(Data shown Opens)

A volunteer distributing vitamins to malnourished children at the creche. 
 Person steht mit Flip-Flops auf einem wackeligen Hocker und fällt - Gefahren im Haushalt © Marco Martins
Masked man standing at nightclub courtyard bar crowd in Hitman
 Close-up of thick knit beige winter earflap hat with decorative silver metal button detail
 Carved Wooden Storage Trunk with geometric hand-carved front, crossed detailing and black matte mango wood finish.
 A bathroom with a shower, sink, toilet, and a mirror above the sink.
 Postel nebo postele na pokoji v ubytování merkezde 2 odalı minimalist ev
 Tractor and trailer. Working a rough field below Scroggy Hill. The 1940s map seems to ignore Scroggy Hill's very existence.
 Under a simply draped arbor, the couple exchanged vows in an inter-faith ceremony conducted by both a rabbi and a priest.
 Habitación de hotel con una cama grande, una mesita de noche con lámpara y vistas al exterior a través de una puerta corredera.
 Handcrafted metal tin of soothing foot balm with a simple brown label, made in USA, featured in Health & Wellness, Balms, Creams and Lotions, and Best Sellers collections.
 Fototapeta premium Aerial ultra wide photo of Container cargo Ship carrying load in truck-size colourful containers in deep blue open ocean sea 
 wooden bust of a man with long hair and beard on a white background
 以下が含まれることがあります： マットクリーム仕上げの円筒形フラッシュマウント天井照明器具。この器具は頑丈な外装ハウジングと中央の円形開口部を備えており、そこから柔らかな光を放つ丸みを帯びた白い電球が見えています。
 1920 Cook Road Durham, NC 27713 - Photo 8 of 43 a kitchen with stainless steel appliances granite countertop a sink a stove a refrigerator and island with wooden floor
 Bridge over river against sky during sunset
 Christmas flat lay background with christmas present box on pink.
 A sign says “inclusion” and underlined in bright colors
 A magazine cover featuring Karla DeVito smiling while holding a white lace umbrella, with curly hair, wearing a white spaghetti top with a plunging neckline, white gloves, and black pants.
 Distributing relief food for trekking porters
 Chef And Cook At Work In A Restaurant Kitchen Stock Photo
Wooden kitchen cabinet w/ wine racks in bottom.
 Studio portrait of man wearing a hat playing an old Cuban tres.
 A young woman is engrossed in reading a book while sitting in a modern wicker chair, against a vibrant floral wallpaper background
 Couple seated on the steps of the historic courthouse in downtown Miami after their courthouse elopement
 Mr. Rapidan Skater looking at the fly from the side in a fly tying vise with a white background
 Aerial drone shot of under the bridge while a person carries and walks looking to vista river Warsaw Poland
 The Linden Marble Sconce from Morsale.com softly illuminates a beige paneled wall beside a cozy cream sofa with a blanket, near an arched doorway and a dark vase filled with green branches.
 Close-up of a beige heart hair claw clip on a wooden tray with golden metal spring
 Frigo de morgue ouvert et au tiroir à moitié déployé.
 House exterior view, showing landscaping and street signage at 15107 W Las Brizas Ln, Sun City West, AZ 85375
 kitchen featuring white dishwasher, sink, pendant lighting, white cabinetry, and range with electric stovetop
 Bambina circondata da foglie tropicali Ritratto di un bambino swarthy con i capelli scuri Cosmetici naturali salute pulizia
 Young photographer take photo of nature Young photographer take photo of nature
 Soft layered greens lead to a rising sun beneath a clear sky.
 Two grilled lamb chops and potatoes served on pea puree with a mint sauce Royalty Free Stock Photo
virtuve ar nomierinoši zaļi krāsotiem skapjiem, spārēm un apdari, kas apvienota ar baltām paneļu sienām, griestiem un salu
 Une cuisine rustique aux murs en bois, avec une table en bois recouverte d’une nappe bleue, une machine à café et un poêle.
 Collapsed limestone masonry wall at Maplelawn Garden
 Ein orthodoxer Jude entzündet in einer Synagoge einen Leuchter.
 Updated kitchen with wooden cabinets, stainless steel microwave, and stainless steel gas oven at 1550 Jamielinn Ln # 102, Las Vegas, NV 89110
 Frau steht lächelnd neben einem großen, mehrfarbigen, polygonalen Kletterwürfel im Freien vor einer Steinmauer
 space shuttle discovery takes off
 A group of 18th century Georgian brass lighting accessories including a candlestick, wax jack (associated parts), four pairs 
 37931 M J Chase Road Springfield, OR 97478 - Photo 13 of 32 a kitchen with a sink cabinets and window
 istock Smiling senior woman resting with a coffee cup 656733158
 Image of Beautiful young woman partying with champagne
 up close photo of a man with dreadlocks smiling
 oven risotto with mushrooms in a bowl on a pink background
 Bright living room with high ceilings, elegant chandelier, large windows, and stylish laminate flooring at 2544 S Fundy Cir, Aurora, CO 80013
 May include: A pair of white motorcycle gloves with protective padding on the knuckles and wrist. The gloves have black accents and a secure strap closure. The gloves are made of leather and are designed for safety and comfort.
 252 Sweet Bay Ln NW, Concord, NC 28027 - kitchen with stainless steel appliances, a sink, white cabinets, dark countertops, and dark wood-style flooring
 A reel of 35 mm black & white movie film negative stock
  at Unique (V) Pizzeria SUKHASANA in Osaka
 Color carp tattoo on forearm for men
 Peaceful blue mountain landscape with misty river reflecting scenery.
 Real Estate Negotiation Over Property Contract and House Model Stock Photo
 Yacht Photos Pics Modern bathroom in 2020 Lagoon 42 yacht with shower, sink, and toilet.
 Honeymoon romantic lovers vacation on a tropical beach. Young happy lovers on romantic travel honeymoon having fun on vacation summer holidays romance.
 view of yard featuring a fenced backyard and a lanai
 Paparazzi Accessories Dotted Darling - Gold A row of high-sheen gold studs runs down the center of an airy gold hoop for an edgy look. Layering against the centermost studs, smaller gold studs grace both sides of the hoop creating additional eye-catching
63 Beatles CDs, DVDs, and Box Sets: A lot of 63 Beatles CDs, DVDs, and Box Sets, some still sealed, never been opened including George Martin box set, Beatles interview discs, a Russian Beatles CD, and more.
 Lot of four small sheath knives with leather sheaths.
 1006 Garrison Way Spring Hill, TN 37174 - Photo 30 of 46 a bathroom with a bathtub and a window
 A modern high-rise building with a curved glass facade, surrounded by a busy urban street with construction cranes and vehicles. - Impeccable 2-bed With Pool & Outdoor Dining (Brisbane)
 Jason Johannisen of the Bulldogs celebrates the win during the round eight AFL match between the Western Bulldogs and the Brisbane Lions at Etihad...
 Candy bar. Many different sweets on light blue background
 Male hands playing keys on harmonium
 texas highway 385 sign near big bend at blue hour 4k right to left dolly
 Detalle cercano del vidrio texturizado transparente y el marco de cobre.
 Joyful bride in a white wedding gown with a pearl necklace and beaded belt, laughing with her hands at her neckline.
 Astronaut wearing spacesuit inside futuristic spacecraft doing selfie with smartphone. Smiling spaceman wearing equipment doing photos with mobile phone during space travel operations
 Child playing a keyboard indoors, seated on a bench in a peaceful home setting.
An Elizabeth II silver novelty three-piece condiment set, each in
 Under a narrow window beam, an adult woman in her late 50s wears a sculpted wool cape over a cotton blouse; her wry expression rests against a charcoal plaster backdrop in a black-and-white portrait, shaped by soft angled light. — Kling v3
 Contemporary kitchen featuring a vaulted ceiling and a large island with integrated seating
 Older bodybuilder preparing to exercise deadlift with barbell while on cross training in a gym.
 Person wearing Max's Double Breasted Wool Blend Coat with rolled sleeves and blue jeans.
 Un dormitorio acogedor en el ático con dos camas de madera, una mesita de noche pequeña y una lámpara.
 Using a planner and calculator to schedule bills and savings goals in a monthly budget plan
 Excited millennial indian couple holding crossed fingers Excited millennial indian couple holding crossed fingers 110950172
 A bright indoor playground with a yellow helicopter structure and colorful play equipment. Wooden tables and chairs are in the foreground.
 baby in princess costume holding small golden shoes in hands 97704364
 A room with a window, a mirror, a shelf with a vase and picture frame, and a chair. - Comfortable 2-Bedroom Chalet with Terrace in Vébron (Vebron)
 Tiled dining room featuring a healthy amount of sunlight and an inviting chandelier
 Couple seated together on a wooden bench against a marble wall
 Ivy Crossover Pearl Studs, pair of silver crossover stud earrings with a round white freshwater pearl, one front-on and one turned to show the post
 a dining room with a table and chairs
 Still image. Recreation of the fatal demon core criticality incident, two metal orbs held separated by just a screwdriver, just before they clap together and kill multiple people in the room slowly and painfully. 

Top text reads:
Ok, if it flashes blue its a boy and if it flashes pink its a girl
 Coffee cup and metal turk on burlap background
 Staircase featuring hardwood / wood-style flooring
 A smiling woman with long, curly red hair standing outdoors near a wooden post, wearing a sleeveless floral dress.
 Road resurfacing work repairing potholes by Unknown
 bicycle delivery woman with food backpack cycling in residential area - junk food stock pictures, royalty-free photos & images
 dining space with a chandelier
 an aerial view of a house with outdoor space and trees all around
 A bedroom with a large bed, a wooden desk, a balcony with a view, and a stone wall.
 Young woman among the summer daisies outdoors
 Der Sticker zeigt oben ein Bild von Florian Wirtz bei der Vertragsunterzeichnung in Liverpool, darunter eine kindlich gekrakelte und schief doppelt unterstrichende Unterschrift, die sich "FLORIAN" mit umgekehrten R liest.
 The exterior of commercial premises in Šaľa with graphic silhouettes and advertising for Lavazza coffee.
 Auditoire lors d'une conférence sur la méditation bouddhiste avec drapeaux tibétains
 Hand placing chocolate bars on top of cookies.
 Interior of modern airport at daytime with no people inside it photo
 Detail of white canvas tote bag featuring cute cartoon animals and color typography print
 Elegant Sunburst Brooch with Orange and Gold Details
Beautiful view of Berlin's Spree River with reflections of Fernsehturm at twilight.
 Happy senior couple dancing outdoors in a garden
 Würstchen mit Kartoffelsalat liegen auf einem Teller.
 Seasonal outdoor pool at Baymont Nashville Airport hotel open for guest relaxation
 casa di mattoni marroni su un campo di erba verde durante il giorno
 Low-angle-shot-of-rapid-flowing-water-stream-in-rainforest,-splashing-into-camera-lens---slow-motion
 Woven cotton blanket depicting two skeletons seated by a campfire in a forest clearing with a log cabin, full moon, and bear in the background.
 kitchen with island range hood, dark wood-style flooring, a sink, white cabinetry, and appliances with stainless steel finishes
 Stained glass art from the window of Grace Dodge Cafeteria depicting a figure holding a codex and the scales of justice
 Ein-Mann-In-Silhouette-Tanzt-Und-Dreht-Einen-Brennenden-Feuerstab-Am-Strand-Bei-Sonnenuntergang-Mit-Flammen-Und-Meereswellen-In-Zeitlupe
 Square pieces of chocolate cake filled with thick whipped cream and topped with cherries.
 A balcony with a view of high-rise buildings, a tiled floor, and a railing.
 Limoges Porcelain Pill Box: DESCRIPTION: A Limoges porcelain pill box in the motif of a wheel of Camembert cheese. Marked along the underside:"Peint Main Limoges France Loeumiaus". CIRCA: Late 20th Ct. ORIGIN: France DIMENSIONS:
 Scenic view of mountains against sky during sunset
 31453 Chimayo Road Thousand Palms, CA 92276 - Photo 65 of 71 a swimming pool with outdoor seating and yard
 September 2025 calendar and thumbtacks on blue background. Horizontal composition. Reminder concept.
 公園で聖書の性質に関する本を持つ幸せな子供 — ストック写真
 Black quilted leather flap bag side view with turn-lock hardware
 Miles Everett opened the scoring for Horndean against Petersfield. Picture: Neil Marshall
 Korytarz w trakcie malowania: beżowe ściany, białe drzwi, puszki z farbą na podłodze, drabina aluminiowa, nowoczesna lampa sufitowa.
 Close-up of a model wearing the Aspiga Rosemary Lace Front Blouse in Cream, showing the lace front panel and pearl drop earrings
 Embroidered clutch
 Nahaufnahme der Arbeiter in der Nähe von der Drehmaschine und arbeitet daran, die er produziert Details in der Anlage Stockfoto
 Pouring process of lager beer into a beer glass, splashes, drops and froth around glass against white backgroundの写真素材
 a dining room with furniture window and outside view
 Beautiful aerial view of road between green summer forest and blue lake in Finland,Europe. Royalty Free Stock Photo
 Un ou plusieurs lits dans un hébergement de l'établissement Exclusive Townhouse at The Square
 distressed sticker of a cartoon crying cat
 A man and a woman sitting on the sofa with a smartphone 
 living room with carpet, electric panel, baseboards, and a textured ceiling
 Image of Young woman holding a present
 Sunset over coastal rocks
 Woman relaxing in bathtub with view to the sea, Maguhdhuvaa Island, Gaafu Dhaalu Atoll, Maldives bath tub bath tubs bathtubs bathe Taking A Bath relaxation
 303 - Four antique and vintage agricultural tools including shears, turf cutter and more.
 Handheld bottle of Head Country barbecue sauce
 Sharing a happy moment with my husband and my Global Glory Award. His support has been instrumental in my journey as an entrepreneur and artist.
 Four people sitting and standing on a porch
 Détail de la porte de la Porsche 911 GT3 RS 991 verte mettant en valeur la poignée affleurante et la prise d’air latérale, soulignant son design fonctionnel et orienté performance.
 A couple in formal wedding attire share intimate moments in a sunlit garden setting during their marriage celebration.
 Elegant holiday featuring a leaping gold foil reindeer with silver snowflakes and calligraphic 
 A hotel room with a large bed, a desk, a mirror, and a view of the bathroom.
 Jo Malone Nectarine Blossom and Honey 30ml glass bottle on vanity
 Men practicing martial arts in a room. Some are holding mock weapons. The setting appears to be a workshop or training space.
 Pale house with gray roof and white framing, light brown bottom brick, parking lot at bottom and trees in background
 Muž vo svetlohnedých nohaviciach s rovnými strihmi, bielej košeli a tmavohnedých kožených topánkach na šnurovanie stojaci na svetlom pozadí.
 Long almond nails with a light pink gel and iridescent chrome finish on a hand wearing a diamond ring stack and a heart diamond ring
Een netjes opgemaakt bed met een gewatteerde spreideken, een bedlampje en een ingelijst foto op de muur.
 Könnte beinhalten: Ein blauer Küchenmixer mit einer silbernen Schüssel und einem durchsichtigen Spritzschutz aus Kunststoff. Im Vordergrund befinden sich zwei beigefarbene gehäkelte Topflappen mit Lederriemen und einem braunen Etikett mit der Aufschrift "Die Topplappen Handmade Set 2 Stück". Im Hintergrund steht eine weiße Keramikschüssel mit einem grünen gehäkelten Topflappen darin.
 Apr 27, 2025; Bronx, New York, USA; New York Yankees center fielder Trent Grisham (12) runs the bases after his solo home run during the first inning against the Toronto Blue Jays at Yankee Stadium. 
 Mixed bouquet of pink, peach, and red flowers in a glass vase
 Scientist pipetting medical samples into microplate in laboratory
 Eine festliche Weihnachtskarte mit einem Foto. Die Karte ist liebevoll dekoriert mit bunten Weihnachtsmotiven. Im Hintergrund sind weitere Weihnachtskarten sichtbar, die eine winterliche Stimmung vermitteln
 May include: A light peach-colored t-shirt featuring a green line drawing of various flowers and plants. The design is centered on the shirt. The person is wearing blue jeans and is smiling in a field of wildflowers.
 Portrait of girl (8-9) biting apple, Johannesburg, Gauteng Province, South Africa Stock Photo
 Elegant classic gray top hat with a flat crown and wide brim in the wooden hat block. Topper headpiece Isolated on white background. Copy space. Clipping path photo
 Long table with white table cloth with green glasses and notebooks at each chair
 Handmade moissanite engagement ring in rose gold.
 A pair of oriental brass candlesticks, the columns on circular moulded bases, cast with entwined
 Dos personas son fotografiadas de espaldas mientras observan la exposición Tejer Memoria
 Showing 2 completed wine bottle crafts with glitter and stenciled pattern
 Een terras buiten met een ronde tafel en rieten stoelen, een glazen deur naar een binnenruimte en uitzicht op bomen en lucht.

(Data shown Closes)

Your task: Please find, in the entries above, every line where "girl" occurs, and copy it.

Final answer:
Ok, if it flashes blue its a boy and if it flashes pink its a girl
 Portrait of girl (8-9) biting apple, Johannesburg, Gauteng Province, South Africa Stock Photo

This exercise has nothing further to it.